Dewaine Farria
Dewaine Farria is the author of the novel Revolutions of All Colors (Syracuse University Press, 2020). His short stories and essays have appeared in Literary Hub, The New York Times, The Rumpus, Southern Humanities Review, CRAFT, War on the Rocks, Consequence, and the anthology, Our Best War Stories: Prize-Winning Poetry and Prose from the Col. Darron L. Wright Memorial Award (Middle West Press, 2020).

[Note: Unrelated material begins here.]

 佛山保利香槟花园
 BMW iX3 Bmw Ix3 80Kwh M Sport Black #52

He has received fellowships from the National Security Education Program (2004), MacDowell (2021, 2022), and the National Endowment for the Arts (2022). A former U.S. Marine, Farria spent much of his professional life with the United Nations, with assignments in the North Caucasus, Kenya, Somalia, and Occupied Palestine. In recognition of his actions during an attack on a UN compound in Mogadishu in June 2013, he received the United Nations Bravery Award. He holds a BS from the University of the State of New York-Albany, an MA in International and Area Studies from the University of Oklahoma, and an MFA in Creative Writing from the Vermont College of Fine Arts. He is working on a novel.

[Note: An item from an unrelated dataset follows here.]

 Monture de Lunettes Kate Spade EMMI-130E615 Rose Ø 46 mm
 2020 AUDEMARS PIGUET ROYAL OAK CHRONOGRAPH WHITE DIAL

PRAISE FOR REVOLUTIONS OF ALL COLORS
A wonderfully kaleidoscopic portrait emerges of Black masculinity. . . . This grips the reader from start to finish. ― Publishers Weekly
Revolutions of All Colors masterfully conveys, in just 200 pages, the heaviness of lives constantly under examination because of race and sexuality, and their love for their country, each other, and themselves. ― Book Riot
Farria writes with vibrant, breathtaking elegance, unabashed to imbue even bleak corners of the world with shades of humor and simmering sexuality. ― Shelf Awareness
Revolutions of All Colors is a vivid, original novel of young men struggling with questions of race, injustice, personal and political violence; of responsibility to family, friends, lovers, sexual identity—of what it means to be a man. . . . It is a remarkable achievement. ― Tobias Wolff
There’s such ambition and such range in Farria’s superb Revolutions of All Colors, which traces the American relationship to war and policing and race and violence and masculinity across forty years within one fascinating family. With vibrant characters and masterful evocations of everything from the work of contractors in 2000s Somalia to that of Black Panthers in 1970s New Orleans, this is a compulsively readable novel and a wonderful meditation on the complexities of American identity. ― Phil Klay, author of Redeployment, winner of the National Book Award
Gabriel Mathis, a twenty-three-year-old aspiring fantasy writer and reluctant Russophile, travels to Ukraine to teach English and meets the love of his life: an international arms dealer very much out of his league. Simon—a former Special Forces medic, torn over a warped sense of duty and a child he did not want—returns to the US to pursue his dream of becoming a mixed martial artist. After spending his adolescence defending his bisexuality, Michael makes his mark in New York’s fashion industry while nursing resentment for a community that never accepted him. Farria traces the lives of brothers Michael and Gabriel and their friend Simon from adolescence to their mid-twenties, through Oklahoma, Afghanistan, New York, Somalia, Ukraine, and New Orleans. Revolutions of All Colors is a brash, funny, and honest look at the evolution of characters we don’t often see—black nerds and veterans bucking their community’s rigid parameters of permissible expression while reconciling love of their country with the injustice of it. At its core, this is a novel about the uniquely American dilemma of chiseling out an identity in a country still struggling to define itself.